Address
- 434 Lathrop Avenue Boonton, Morris County, New Jersey, 07005 United States
- Coordinates: 40°54′05″N 74°24′06″W﻿ / ﻿40.901393°N 74.401667°W

District information
- Grades: PreK-12
- Superintendent: Thomas Valle
- Business administrator: Steven Gardberg
- Schools: 3

Students and staff
- Enrollment: 1,559 (as of 2024–25)
- Faculty: 150.6 FTEs
- Student–teacher ratio: 10.4:1

Other information
- District Factor Group: I
- Website: www.boontonschools.org
| Ind. | Per pupil | District spending | Rank (*) | K-12 average | %± vs. average |
| 1A | Total Spending | $22,386 | 42 | $18,891 | 18.5% |
| 1 | Budgetary Cost | 17,777 | 45 | 14,783 | 20.3% |
| 2 | Classroom Instruction | 10,001 | 44 | 8,763 | 14.1% |
| 6 | Support Services | 3,550 | 47 | 2,392 | 48.4% |
| 8 | Administrative Cost | 1,735 | 32 | 1,485 | 16.8% |
| 10 | Operations & Maintenance | 1,696 | 33 | 1,783 | −4.9% |
| 13 | Extracurricular Activities | 795 | 48 | 268 | 196.6% |
| 16 | Median Teacher Salary | 68,083 | 44 | 64,043 |
Data from NJDoE 2014 Taxpayers' Guide to Education Spending. *Of K-12 districts with up to 1,800 students. Lowest spending=1; Highest=49

= Boonton Public Schools =

School district in Morris County, New Jersey, US

The Boonton Public Schools is a comprehensive community public school district that serves students in pre-kindergarten through twelfth grade from Boonton, in Morris County, in the U.S. state of New Jersey.

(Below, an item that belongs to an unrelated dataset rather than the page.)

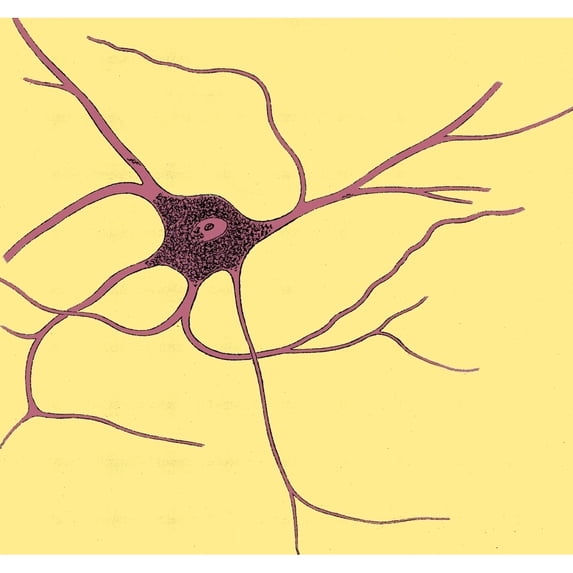 Ramified Nerve Cell From Grey Matter, 1852 Poster Print by Science Source (24 x 18)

As of the 2024–25 school year, the district, comprised of three schools, had an enrollment of 1,559 students and 150.6 classroom teachers (on an FTE basis), for a student–teacher ratio of 10.4:1.

The district's high school serves students from Boonton and also those from Lincoln Park, who attend as part of a sending/receiving relationship with the Lincoln Park Public Schools, with Lincoln Park students accounting for a majority of students at the high school. The two districts have sought to sever the more-than-50-year-old relationship, citing cost savings that could be achieved by both districts and complaints by Lincoln Park that it is granted only one seat on the Boonton Public Schools' Board of Education, less than the number of seats that would be allocated based on the percentage of students of population. In April 2006, the commissioner of the New Jersey Department of Education rejected the request.

==History==
Boonton High School formally opened in 1875, with the first class graduating the following year. The first building dedicated for use as a high school was constructed in 1897 at the site that became the location of John Hill School in 1922.

Starting with the 1930–31 school year, students from Lincoln Park were formally assigned by the state to attend Boonton High School, with 62 students being sent there to attend for grades 9–12, before which they could attend the high school of their choice by paying tuition.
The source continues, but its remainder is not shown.